A Macy's in Century City, Calif.
Photograph by John Sciulli — Getty Images
By Phil Wahba
September 28, 2016

You aren’t imaging things if you think a ton of department stores have shuttered in the last three years.

According to a research report RBC Capital Markets released on Wednesday, Kohl’s, Macy’s (which also owns the upscale Bloomingdale’s chain), J.C. Penney, Dillard’s, and Sears (which also owns Kmart) have closed a total of 700 stores since 2013. That’s almost 20% of those chains’ store count.

The closings are meant to shed poor locations; compete with Amazon; and help companies manage the migration of their own business online.

 

Macy’s, which is grappling with its worst slump since the Great Recession, announced last month it would close 100 more stores after the holiday season to make way for incoming CEO Jeff Gennette. When he takes the reins in February, Gennette will try to repair the iconic, diminished chain. The company, which is the result of the amalgamation of many regional chains in 2005, has struggled with its fair share of decrepit stores—but it chose to close locations in one fell swoop as opposed to just a few stores at a time.

In Kohl’s case, the drop has been modest: the retailer closed 18 of its 1,150+ plus stores. But with its comparable sales on the decline after a brief turnaround, it wouldn’t be surprising to see the company shutter more locations if it doesn’t enjoy a decent holiday season.

Sears and Kmart have been closing dozens of stores as sales continue to plummet despite CEO (and top shareholder) Eddie Lampert’s promises to reinvent the retailers.

As for J.C. Penney, the retailer said it would close hundreds of stores after former CEO Ron Johnson failed to make good on the promise of a hip rebrand. But the retailer halted closings this year (only seven of 1,000 stores are closing this year) as current CEO Marvin Ellison, profiled by Fortune earlier this year, has said Penney needs the stores to supplement its growing e-commerce business. Ellison also said in not-so-many words that Penney can pick up a lot of business in malls abandoned by Macy’s and Sears. (Sears, a major appliance retailer, is “donating” market share in that category, Ellison said.)

It’s not just the drop in mall traffic: the most recent earnings season showed top department stores, staples of American shopping for more than a century, are having a hard time holding their own against the likes of Amazon.com (amzn). And analysts expect those problems to persist.

In April, leading real estate analysis firm Green Street Advisors said the top department stores would need to close some 800 stores for sales-per-square-foot to get back to 2006 levels.

Still, wholesale closings present their own risks. As Ellison told Fortune this winter, stores play crucial roles in his company’s e-commerce growth, allowing not them not only to compete with Amazon but also to serve as additional distribution centers and pick-up spots for online orders.
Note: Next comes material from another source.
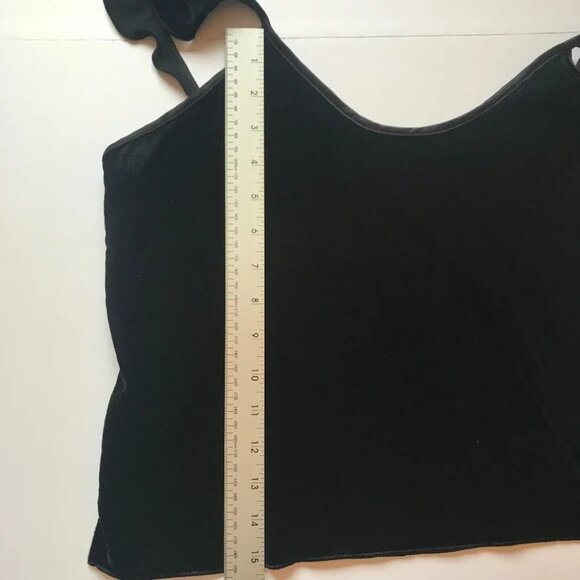 Victoria's Secret Velvet Cami Luxurious Black Ruffle  Straps Top Tank Tee Sz M - Picture 10 of 16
Penney has no plans for any large-scale shutterings because the vast majority of its locations are profitable anyway, he added.

Macy’s executives told investors this summer that closing stores unfortunately leads to a reduction of online sales too in many areas, since in retail “out of sight” often means “out of mind.”

Yet it’s pointless to operate stores no one goes to anymore or that are such dumps they hurt the overall brand for the retailer. If department stores struggle yet again this holiday season, expect a spate of store closing announcements the first week of January.